285 BC in various calendars
- Gregorian calendar: 285 BC CCLXXXV BC
- Ab urbe condita: 469
- Ancient Egypt era: XXXIII dynasty, 39
- - Pharaoh: Ptolemy I Soter, 39
- Ancient Greek Olympiad (summer): 123rd Olympiad, year 4
- Assyrian calendar: 4466
- Balinese saka calendar: N/A
- Bengali calendar: −878 – −877
- Berber calendar: 666
- Buddhist calendar: 260
- Burmese calendar: −922
- Byzantine calendar: 5224–5225
- Chinese calendar: 乙亥年 (Wood Pig) 2413 or 2206 — to — 丙子年 (Fire Rat) 2414 or 2207
- Coptic calendar: −568 – −567
- Discordian calendar: 882
- Ethiopian calendar: −292 – −291
- Hebrew calendar: 3476–3477
- - Vikram Samvat: −228 – −227
- - Shaka Samvat: N/A
- - Kali Yuga: 2816–2817
- Holocene calendar: 9716
- Iranian calendar: 906 BP – 905 BP
- Islamic calendar: 934 BH – 933 BH
- Javanese calendar: N/A
- Julian calendar: N/A
- Korean calendar: 2049
- Minguo calendar: 2196 before ROC 民前2196年
- Nanakshahi calendar: −1752
- Seleucid era: 27/28 AG
- Thai solar calendar: 258–259
- Tibetan calendar: ཤིང་མོ་ཕག་ལོ་ (female Wood-Boar) −158 or −539 or −1311 — to — མེ་ཕོ་བྱི་བ་ལོ་ (male Fire-Rat) −157 or −538 or −1310

= 285 BC =

Year 285 BC was a year of the pre-Julian Roman calendar.
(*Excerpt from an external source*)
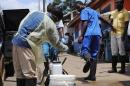 A health worker sprays a colleague's boots with chlorine disinfectant in Monrovia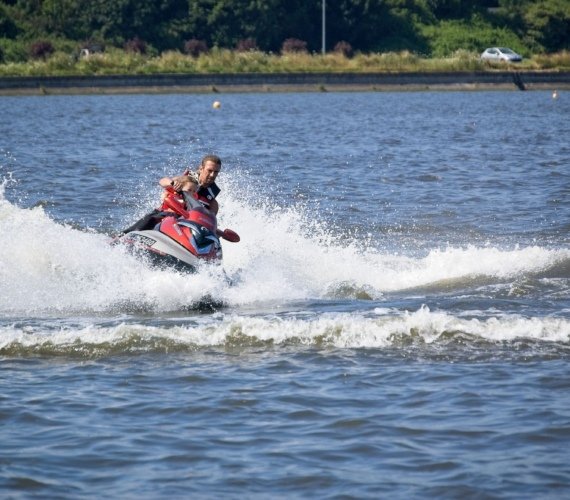 A man riding a jet ski at speed across open water, spray flying behind him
At the time it was known as the Year of the Consulship of Canina and Lepidus (or, less frequently, year 469 Ab urbe condita). The denomination 285 BC for this year has been used since the early medieval period, when the Anno Domini calendar era became the prevalent method in Europe for naming years.

== Events ==

=== By place ===
==== Egypt ====
- June 26 - Egypt's Ptolemy I Soter abdicates. He is succeeded by his youngest son by his wife Berenice, Ptolemy II Philadelphus, who has been co-regent for three years.
- A 110 metre tall lighthouse on the island of Pharos in Alexandria's harbour is completed and serves as a landmark for ships in the eastern Mediterranean. Built by Sostratus of Cnidus for Ptolemy II of Egypt, it is one of the seven wonders of the ancient world. It is a technological triumph and is the archetype of all lighthouses since. A broad spiral ramp leads to the top, where a fire burns at night.

==== Seleucid Empire ====
- Demetrius Poliorcetes is deserted by his troops and surrenders to Seleucus at Cilicia, where Seleucus keeps him a prisoner.

==== China ====
- The success of Qi has frightened the other states. Under the leadership of Lord Mengchang, who has been exiled in Wei, Qin, Zhao, Han and Yan form an alliance. Yan had normally been a relatively weak ally of Qi and Qi feared little from this quarter. Yan's onslaught under general Yue Yi comes as a devastating surprise. Simultaneously, the other allies attack from the west. Chu declares itself an ally of Qi but contents itself with annexing some territory to its north. Qi's armies are destroyed while the territory of Qi is reduced to the two cities of Ju and Jimo. King Min himself is later captured and executed by his own followers.

== Deaths ==
- Dicaearchus, Greek philosopher, cartographer, geographer, mathematician and author (b. c. 350 BC)
- Theophrastus, Greek philosopher, a native of Eressos in Lesbos, the successor of Aristotle in the Peripatetic school (b. c. 370 BC). 288 B.C. is also given as a potential date of death.